Again, completely agree. I'm a huge proponent of subtitled media content and believe that that's what should be used when showing movies/tv shows on national networks (cable or sat can do whatever they want).


I wonder about the mind/minds

I should say Chance favors those with a prepared mind or Chance favors only favor people with prepared minds, perhaps minds is plural in Spanish an singular in English and this is reasoning? Can anyone confirm this reasoning or I am completely confuse?

Edited: Gooling I found people with heads are smarter, so here they use the plural. So why mind and not minds.

http://gnosticwarrior.com/head-size-matters.html


"Chance favors those with a prepared mind" is grammatically correct and sounds just fine, it's just not as pithy as the original. You could also say "Chance favors prepared minds".


With the change to digital TV in France the original soundtrack is often available too so people can get exposure to English.


Indeed - it makes a few broadcasts palatable. I don't think that option is widely used though and I'd say mostly by people who don't speak French.


Casting aside writing in French for 5 years, did your ability to write in French degrade over that time?


I cast aside written French input. I still had to produce output. And I did learn, under supervision, how to write well during these years; using French as a target language but that knowledge has proven to be highly re-usable. I'm lost writing correct French without a spell checker.

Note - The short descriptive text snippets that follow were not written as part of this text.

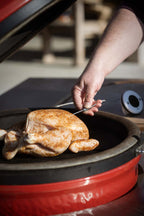 DOT - digital oven thermometer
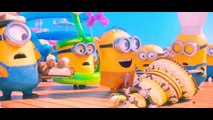 Minions mini Movie - Despicable me 2 animation movie 2016_39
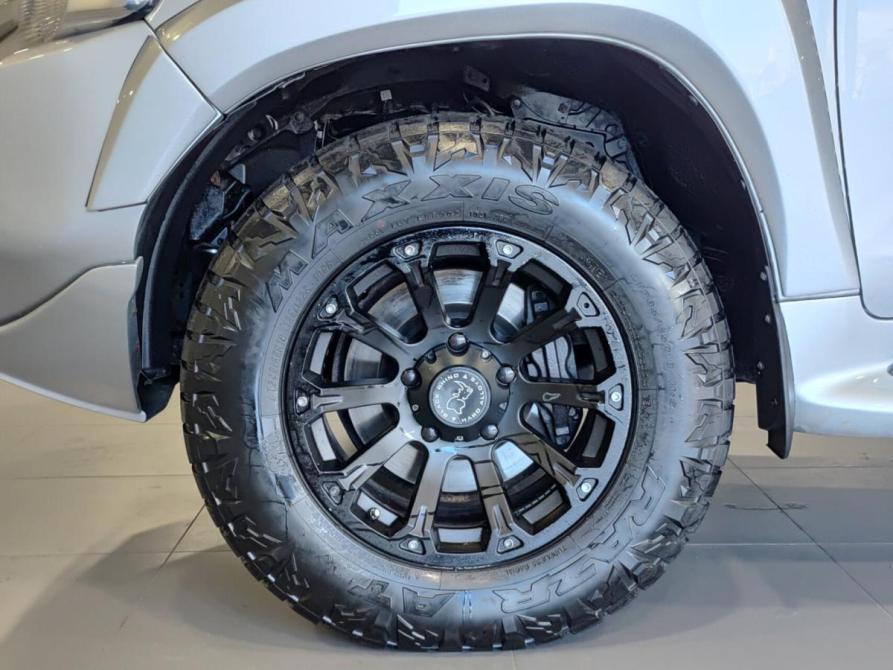 Toyota Land Cruiser 200 Series Рестайлинг 2 Казань  - изображение 22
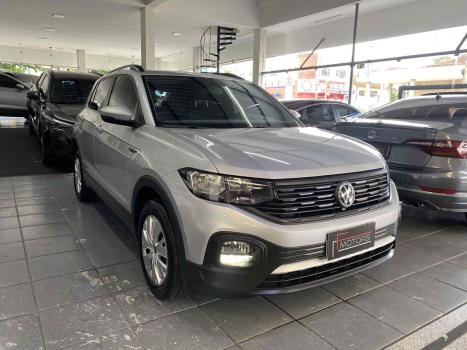 VOLKSWAGEN T-Cross 1.0 4P 200 TSI FLEX AUTOMTICO, Foto 3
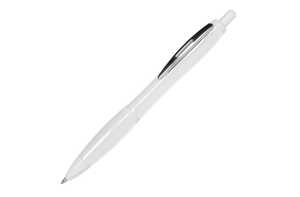 TopPoint LT80425 - Długopis Hawaii protect Biały
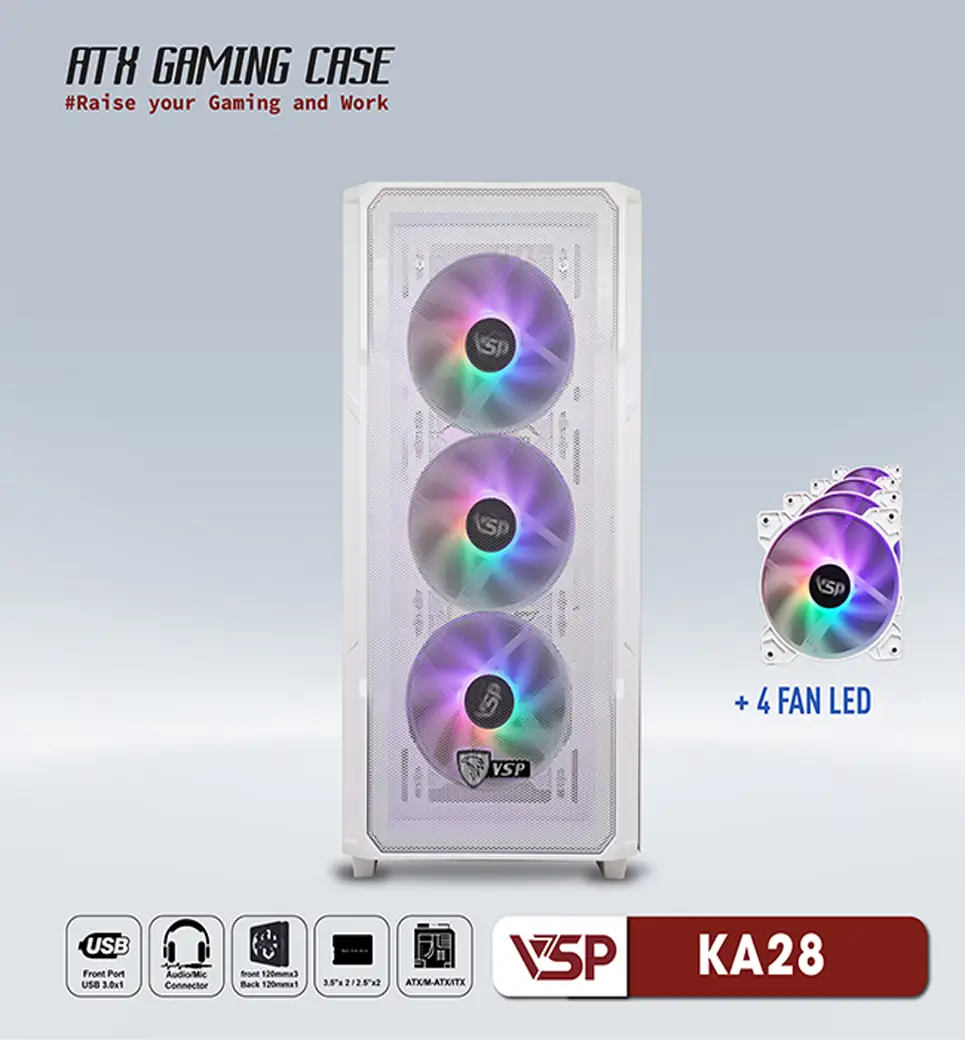 vo-may-tinh-vsp-gaming-ka28-white-4-fans-led-2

irc, or whatever people use these days. i've also always google'd tech related questions in english, never thought much about it just seemed to make sense.

movies and tv help in general, but live group communication with native speakers teaches you a lot about idioms and nuances in languages.

mind you, it'll also teach you a lot of bad grammar, as a non native speaker i would've never thought of eg. 'should of / should have' .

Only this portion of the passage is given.